En días pasados, los panameños escuchamos una vez más, una serie de informaciones sobre el vil negocio de la trata de blancas, denominado en nuestro medio prostitución clandestina, mediante el empleo de mujeres procedentes de Colombia y el Caribe, lo cual constituye una nueva variante de esclavitud con conexiones internacionales que maneja cuantiosos recursos económicos y corrompe a su paso, a funcionarios y empresarios en su afán de lucro desmesurado.
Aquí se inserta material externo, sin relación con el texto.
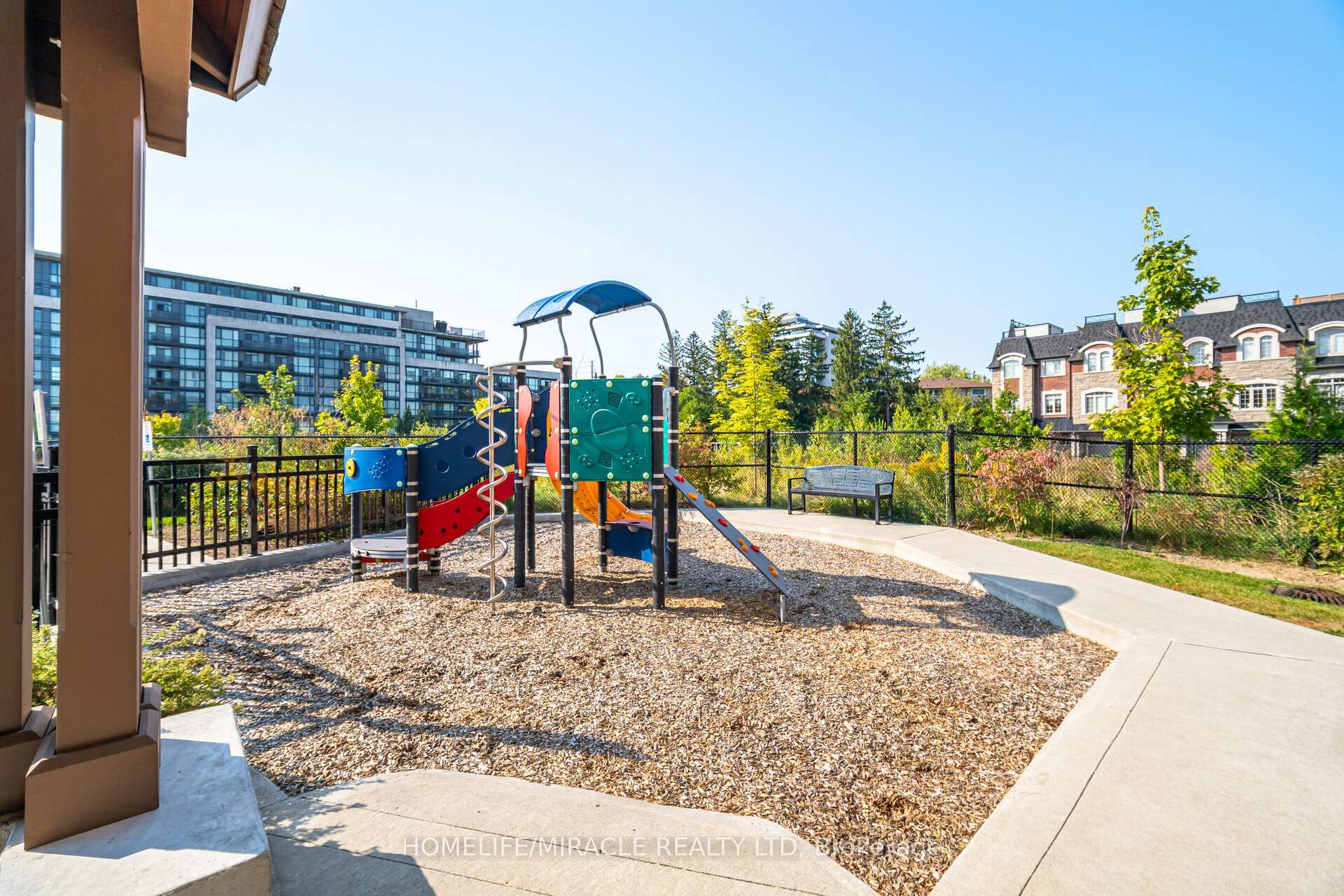 Photo 31 of 13 Ingleside Street, Vaughan, East Woodbridge — HOMEH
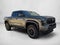 2025 Toyota Tacoma 4WD 4WD TRD Off Road Hybrid Double Cab 5' Bed AT (Natl)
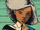 Addy Brock (Terra-14512)/Galleria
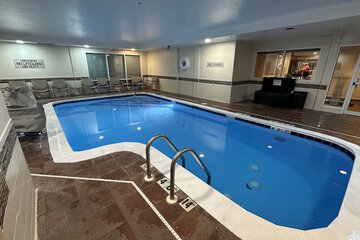 Kings Inn Suites Cincinnati Ma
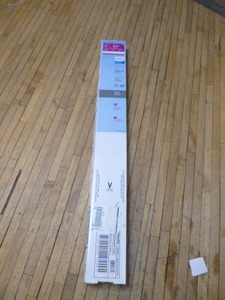 Philips T5 Replacement Instant Fit Supreme LED Lights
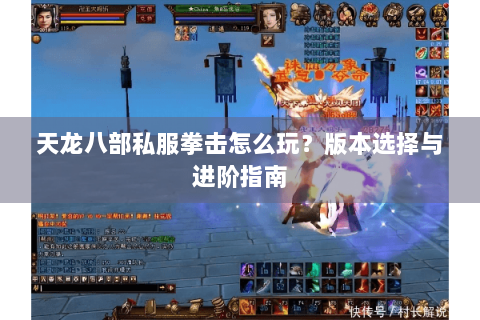 天龙八部私服拳击怎么玩？版本选择与进阶指南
Lo más cínico de esta escalonada práctica es la manera con que nuestras autoridades migratorias y de policía a veces simulan desconocen los nexos de esta transnacional del vicio y la explotación humana.
Camine usted por las calles de Panamá, intérnese y accese al mundo nocturno de bares, cantinas y burdeles para que escuche de labios de las propias protagonistas, desgarradores testimonios sobre el engaño a que son sometidas por las mafias que operan, gracias al soborno y la impunidad de quienes dicen no ver ni oír.
Nadie mejor que alguien que haya pertenecido a una institución relacionada con asuntos migratorios, laborales y de política, para saber con lujo de detalles cómo se mueve la extensa red de contactos, movilización y entrada al país del personal humano, dedicado al oficio de la prostitución.
Preguntas tan sencillas como, qué hace una persona o empresa teniendo en su poder el pasaporte o el permiso de trabajo de otra persona, nos llevan a concluir que la complicidad es generalizada y las ganancias van más allá de los participantes visibles en el negocio.
Esta situación refleja además la situación crítica por la cual atraviesan las economías de otros países del continente que buscan apoyarse en nuestras facilidades locales.